Um, and it's not about outputs. It's about information. How do you think these AI tools,
they are changing everybody's life, right? What do you think is maybe a big difference in the future,
how we live and how we work through these, your AI tools? Yeah. Well, I kind of just think
like everybody is going to be empowered, um, by whatever they do there, there'll be something
that like accelerates them. Um, whether it's, if they're doing research, I mean, for us, it's really
all about learning and research. And I'd like to think that that process is accelerated. And also,
maybe there's new things, new behaviors that might open up that like, you didn't even know you could do.
Um, like the, the one that we've built that is still kind of, I'm sort of trying to wrap my head
around is you can with on the, on our app, you can take a photo and that, and have that be your
question. So I can take a photo of like, I don't know, like there's a, I've seen people use it a
bunch of ways, but like, you know, take a photo of, of my dog or something. And I'll be like, um,
what, what's a good name for him? And like something like that. And it like figures out that it's a dog
and it figures out that he's a brown schnauzer and it's like, what about Coco? You know? And it's
like, Oh my God, you know, there's stuff that like, no, I didn't. I named him Rupert, but, uh,
also a great name. Yeah. Uh, but you know, it's like the, and I've seen people take, um, a photo of
the whiteboard and interface, and then they'll take a photo and they'll be like, what's the, write some code
that makes this. Um, so there's a lot of things that like, I don't even, we will definitely, we are definitely
doing a lot of, let's just build it and see what happens kind of mindset, uh, less about like some
vision for the future of anything. It's just more like, I don't know, this, this could be useful.
Maybe, I don't know. There's a combination of stuff where I'm like, this is definitely useful.
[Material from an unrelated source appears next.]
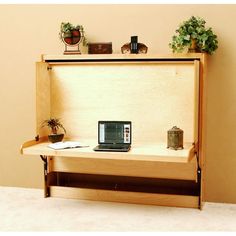 a laptop computer sitting on top of a wooden shelf next to a potted plant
And then another, another set where I'm like, I have no idea what to do with this, but somebody
will come up with some ways. And that's the cool, coolest part about building a tool. You don't have
to think through every use case. Uh, which is like the polar opposite of how UX used to work.
Right. Yeah. Um, yeah, that is, that is really exciting. And I, you know, I'm thinking back to
something you said at the beginning of this chat, Henry, where you were like, well, we started with
this purpose and then that kind of became something else. And we just keep, you know, redefining ourselves
and, uh, you know, talking about how you're using generative interfaces. Um, I think this,
this technology, the pace of it, this development is just so beyond anything we've seen before
that as a company, as an AI company, you probably are going to have to keep redefining yourself
as, you know, things change. And that's such an exciting place to work and like kind of context
to be in. Yeah. I mean, I I've been through this already multiple times in, I mean, to be clear,
we've only really been a product for a year. Um, and we built a lot. And, and if we have a strength
as a team, it's our agility and, you know, kind of our open-mindedness to, okay, well, let's try this
and build it fast. And, you know, I, I care a lot about craft and so I'm going to, I'm going to execute
on it to the best of my abilities. Um, but yeah, it's, there's like the, the image thing,
you know, we, we find out that it's a capability and we're like, what should we do with this? Um,
how is it going to work in our product? Um, could it, does it make sense in our product?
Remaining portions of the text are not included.